Jakarta – Pemerintah melalui Densus 88 Antiteror Mabes Polri terus melakukan perburuan untuk melacak pergerakan kelompok. Pengungkapan besar-besaran telah dilakukan terhadap kelompok teroris yang masih berupaya eksis, seperti Jamaah Islamiyah (JI).

Langkah itu mendapat apresiasi besar dalam upaya penanggulangan terorisme di Indonesia. Namun di tengah kondisi itu, pemerintah diminta tetap mewaspadai dan memantau keberadaan teroris yang bergerak sendiri atau lone wolf.

“Pelaku yang lone wolf, dia bergerak sendiri, merencanakan sendiri. Itu kan tidak terpantau. Berbahaya ini,” kata analis terorisme dan intelijen Universitas Indonesia (UI), Stanislaus Riyanta dikutip dari laman Medcom.id, Senin (21/12/2020).

Menurutnya, pelaku lone wolf terdoktrin bergerak mandiri dan belajar menyusun teror lewat media yang mudah diakses seperti internet. Lone wolf dapat mempelajari pengetahuan dan teknik-teknik teror lewat laman-laman radikal.

Selain itu, modus penyebaran paham radikal melalui internet ini kerap dilakukan ISIS. Kelompok ini merekrut anggota dengan menyebarkan propaganda lewat dunia maya.

“Ada juga yang ketika melihat konten itu, kemudian merespons,” kata Stanislaus.

Ia mengungkapkan, teroris lone wolf bisa terdeteksi dari tiga tahapan karakter. Dimulai dari bersikap intoleran, menerapkan ideologi radikal, dan mengasah kemampuan untuk melakukan aksi teror.

“Kemunculan teroris lone wolf bisa dicegah semenjak tahap pembentukan karakter intoleran terjadi. Peran orang terdekat dan lingkungan dibutuhkan untuk mengingatkan orang yang terdeteksi mulai bersifat radikal,” tuturnya.

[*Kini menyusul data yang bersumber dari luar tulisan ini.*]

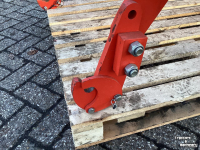 Rotary Harrow Kuhn hefbok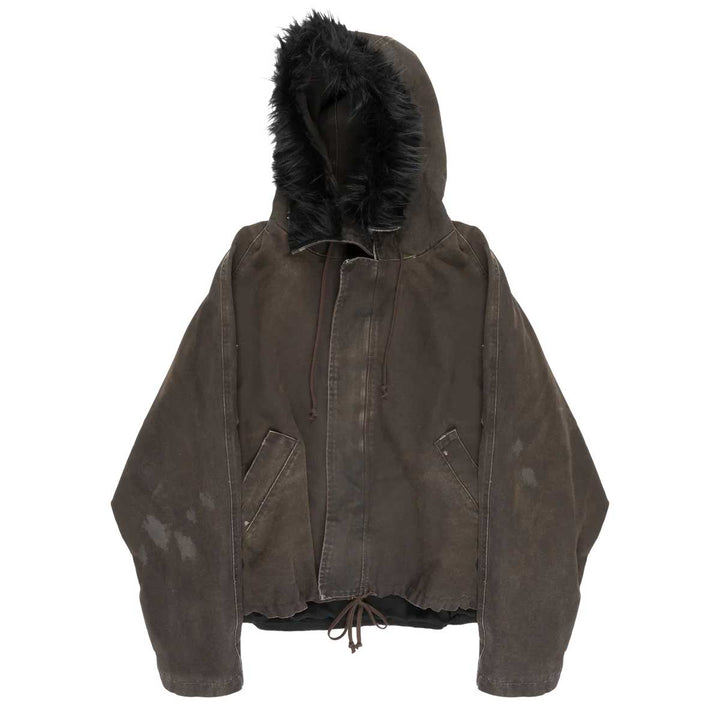 ALEXANDER DIGENOVA - HELICOPTER LONG JACKET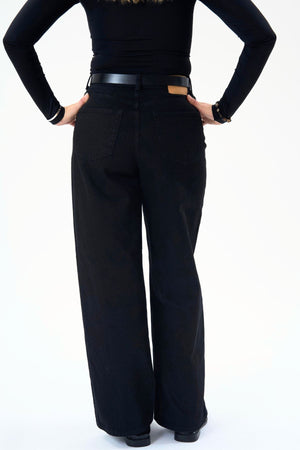 Scarlett Belt - Black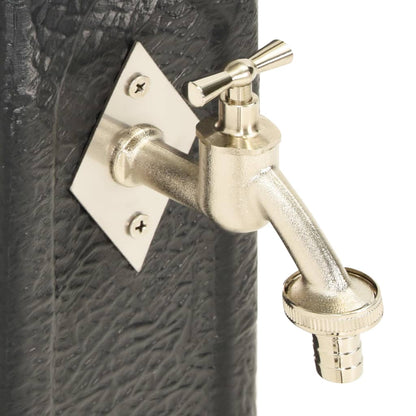 Garden Tanker | Anthracite | HDPE (high quality plastic) | Medium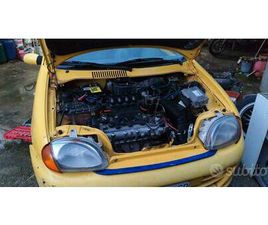 SEICENTO SPORTING ABARTH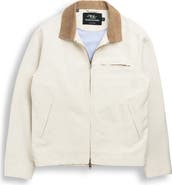 Rodd & Gunn Austin East Harrington Jacket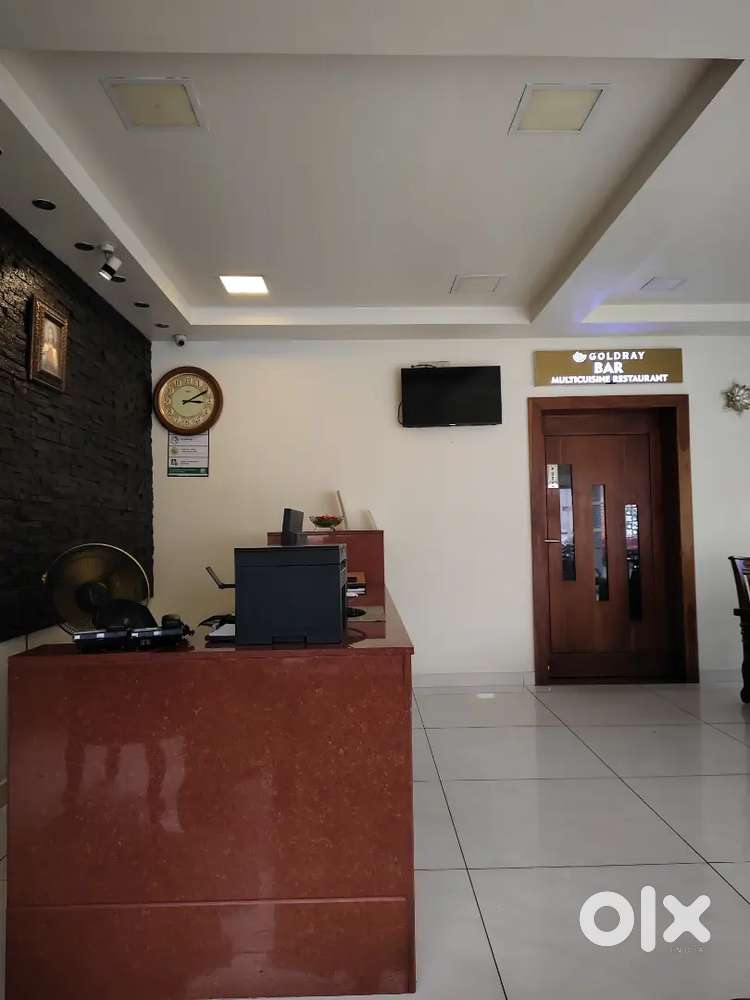 Chef incharge,south Indian CDP all rounder CDP porota maker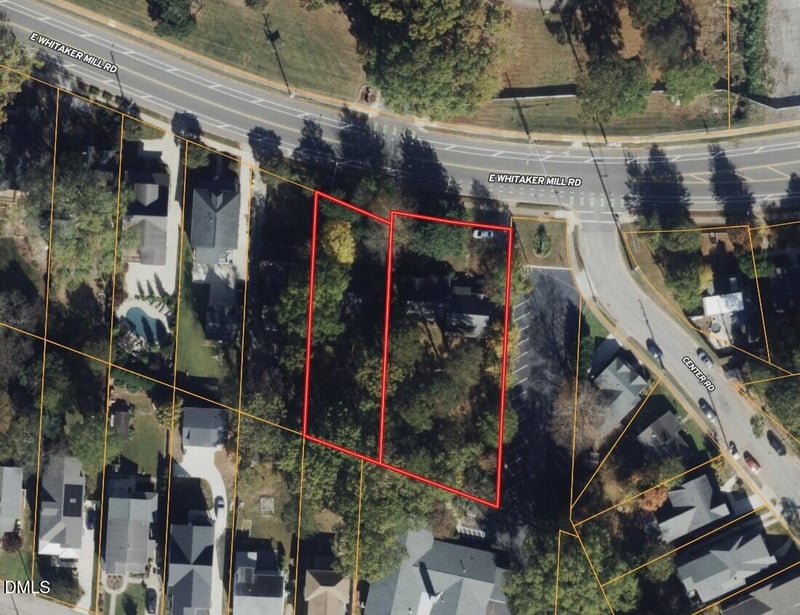 518 Whitaker Mill Rd Lot 22,25, Raleigh, NC 27608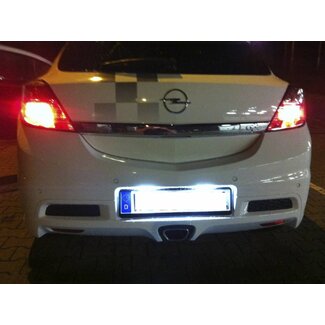 LED Kennzeichenbeleuchtung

Kalau memang ada indikasi teroris lone wolf, kata Stanislaus, masyarakat harus melaporkan kepada aparat keamanan. Pemerintah juga harus memberikan pengetahuan kepada aparat hingga tingkat bawah seperti Babinsa, Kamtibmas, RT, dan RW. Terutama cara mendeteksi dini kemunculan paham radikal.

“Ada 270 juta warga Indonesia, tidak mungkin diawasi sendiri oleh Badan Nasional Penanggulangan Terorisme (BNPT) atau Polri. Rasionya tidak seimbang,” pungkas Stanislaus.